Avant le 31 décembre 2010, le Gouvernement remet au Parlement un rapport évaluant, après consultation des organismes, institutions et partenaires, l'état des lieux de la politique française en matière de cohésion sociale et républicaines, et le rôle qu'un service civique obligatoire et universel peut jouer dans sa préservation et son développement, à travers notamment l'analyse des coûts sociaux et économiques. Ce rapport propose, le cas échéant, les adaptations et un calendrier propice à l'amélioration de la présente loi.

Un comité de suivi composé de députés et de sénateurs, désignés par leur assemblée respective, formule des recommandations et peut se prononcer sur les préconisations de ce rapport.

Mlle Sophie Joissains.  - Il est défendu.

M. Christian Demuynck, rapporteur.  - Ces amendements ont le mérite d'engager le débat sur le service civique obligatoire. Je n'y suis pas favorable : il ne me paraît pas souhaitable qu'un jeune s'engage au service de la Nation sous la contrainte. Se posent également des problèmes techniques, à commencer par le coût, estimé à 3 milliards.

Il faudrait ensuite trouver 700 000 tâches, ce qui n'a rien d'évident, des tâches qui risquent en outre de concurrencer les contrats de droit commun. Et quelle sanction imposera-t-on à ceux qui refuseront ? Comment les associations feront-elles pour contraindre ceux qui se résigneront à s'investir pour l'intérêt général ? Sans compter que les volontaires rechigneront peut-être si le service devient obligatoire...

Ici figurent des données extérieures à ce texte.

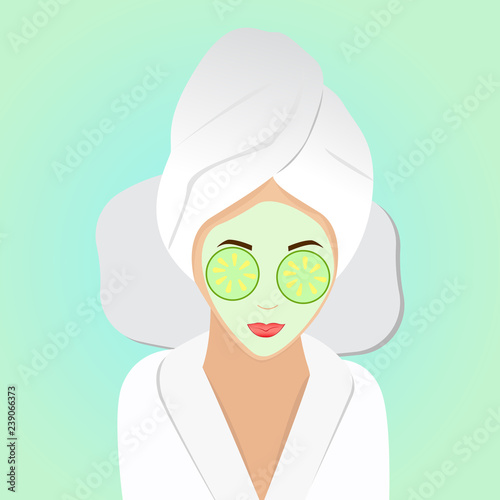 Beautiful woman on spa treatments with cucumber on eyes and green mask for perfect skin. Vector illustration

C'est un autre débat. Celui d'aujourd'hui est porté par le Sénat, par sa mission d'information, par le groupe RDSE. La proposition de loi est bonne, la commission a travaillé, le Gouvernement met 40 millions d'euros sur la table, une somme considérable en cette période de difficulté budgétaire. Pour le reste, nous verrons plus tard...

Avis défavorable aux amendements nos1 rectifié bis et 2 rectifié bis ainsi qu'au sous-amendement n°48 rectifié. Avis favorable à l'amendement n°3 rectifié.

M. Jacques Legendre, président de la commission.  - Ne perdons pas de vue l'objectif que nous poursuivons. L'idée de donner du temps à la Nation et aux autres me parle. J'ai eu la chance d'effectuer mon service national en coopération ; je sais ce que cela m'a apporté et j'ai toujours souhaité que la même opportunité soit offerte à d'autres. Je dis « offerte » : je ne crois pas à la contrainte. Ne devons-nous pas d'abord faire en sorte qu'un maximum de garçons et de filles trouvent en eux-mêmes le désir de se mettre au service des autres ? Si nous y parvenons, il faudra que le Gouvernement puisse répondre dans de bonnes conditions à toutes les demandes de volontariat. Mais nous n'épuiserons pas le débat aujourd'hui. (Applaudissements à droite)

M. Martin Hirsch, haut-commissaire.  - Je souhaite le retrait des amendements nos1 rectifié bis et 2 rectifié bis et suis favorable au n°3 rectifié, avec l'ajout d'un comité de suivi qui pourra être mis en place dès la promulgation de la loi.

Je suis prêt à venir à Corbeil, monsieur Dassault, voir comment proposer le volontariat à ces jeunes qu'on dit sans avenir, sans ambition ni envie. S'ils l'acceptent, ils pourront commencer dès janvier... Et je reviendrai devant le Sénat pour faire le point.